Because if we look at the entirety of the Bible, we hear one life story after the other of pain and heartbreak. From the pain of separation from God in the garden of Eden, to the fear of the Israelites wandering in the wilderness, to the despair of David in his guilt, to the frustration of the prophets with the state of the Israelite nation. And we haven't even mentioned the Psalms or Lamentations. That's right, a whole entire book about the laments of the people!
So what are we to do with all of this contradictory information?
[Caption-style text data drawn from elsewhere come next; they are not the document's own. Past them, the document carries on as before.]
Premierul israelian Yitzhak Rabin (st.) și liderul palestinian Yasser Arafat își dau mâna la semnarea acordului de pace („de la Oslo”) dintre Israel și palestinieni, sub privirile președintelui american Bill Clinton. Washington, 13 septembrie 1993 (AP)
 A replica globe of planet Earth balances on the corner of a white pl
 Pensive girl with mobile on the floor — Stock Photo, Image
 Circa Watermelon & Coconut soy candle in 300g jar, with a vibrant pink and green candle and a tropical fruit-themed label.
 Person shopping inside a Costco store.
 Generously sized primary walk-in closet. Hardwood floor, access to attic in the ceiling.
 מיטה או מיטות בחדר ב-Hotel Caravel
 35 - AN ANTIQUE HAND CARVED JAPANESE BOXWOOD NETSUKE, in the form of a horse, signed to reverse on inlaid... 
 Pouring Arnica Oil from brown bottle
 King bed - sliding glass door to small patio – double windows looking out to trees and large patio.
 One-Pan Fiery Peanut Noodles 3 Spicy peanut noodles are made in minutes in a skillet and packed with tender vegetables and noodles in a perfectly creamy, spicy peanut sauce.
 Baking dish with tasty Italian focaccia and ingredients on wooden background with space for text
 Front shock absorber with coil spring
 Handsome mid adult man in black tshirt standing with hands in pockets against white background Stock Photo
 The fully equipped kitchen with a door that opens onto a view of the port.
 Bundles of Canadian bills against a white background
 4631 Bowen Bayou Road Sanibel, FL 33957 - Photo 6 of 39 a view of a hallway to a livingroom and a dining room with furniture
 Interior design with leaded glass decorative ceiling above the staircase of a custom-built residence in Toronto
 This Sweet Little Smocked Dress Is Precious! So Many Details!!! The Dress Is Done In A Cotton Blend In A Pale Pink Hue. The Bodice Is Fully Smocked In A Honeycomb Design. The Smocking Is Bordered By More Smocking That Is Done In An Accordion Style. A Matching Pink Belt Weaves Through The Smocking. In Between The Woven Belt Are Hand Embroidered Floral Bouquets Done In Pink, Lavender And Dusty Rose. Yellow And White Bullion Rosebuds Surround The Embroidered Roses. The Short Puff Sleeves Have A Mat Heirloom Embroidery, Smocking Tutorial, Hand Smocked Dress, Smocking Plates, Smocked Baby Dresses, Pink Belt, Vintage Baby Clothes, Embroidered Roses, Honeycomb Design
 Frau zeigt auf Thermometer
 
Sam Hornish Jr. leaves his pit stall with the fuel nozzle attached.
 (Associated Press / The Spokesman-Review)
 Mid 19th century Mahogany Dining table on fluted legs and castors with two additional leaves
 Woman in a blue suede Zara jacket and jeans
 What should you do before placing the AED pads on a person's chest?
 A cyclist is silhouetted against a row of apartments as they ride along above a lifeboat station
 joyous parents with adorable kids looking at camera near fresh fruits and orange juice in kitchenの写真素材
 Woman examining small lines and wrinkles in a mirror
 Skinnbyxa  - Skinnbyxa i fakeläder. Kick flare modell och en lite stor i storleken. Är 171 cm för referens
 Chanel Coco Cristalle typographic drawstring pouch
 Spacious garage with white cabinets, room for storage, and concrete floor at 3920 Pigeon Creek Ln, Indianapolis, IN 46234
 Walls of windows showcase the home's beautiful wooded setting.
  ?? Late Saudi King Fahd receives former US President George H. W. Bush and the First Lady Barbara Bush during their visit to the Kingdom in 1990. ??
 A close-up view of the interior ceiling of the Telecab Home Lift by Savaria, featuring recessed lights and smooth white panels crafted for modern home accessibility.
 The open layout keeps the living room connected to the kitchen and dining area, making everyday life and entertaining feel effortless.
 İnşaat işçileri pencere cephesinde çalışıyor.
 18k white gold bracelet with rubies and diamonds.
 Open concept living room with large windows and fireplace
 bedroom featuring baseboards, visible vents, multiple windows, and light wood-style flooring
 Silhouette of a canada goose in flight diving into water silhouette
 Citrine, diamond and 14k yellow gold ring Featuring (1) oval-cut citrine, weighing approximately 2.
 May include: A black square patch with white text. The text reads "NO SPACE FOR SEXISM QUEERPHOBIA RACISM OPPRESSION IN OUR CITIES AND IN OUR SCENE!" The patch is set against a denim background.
I think one of the main understandings we must have is that joy is a conscious choice, not an automatic response. Joy does not mean that we are "happy" all the time and walk around with a glass half full mentality and never have a bad day. Rather, joy means that our daily approach to life is intentionally finding gratitude for God's love. There is a sense in our faith where we must actively pursue even what does not exist in plain sight. This is the hope for what we can not see, our resurrection story. As Easter people, we believe that even if the days of darkness last for a season, God is one who ultimately brings new life. So though our circumstances may not make us happy, God offers us continual joy.
Our Scripture for this week reminds us that "weeping may linger for the night, but joy comes in the morning" Psalm 30:5. This doesn't mean that after crying yourself to sleep at night, you awake to a day that won't be filled with sadness. Because we have all known days where the morning has been just as hard as the night. And yet, the symbol of the morning can reveal to us the hope of the resurrection.
This approach is less reliant on us and our human frailty and more dependent on God's divine grace.
So this week, I encourage you too look for and believe in the ways God is at work for joy in your life and the lives around you.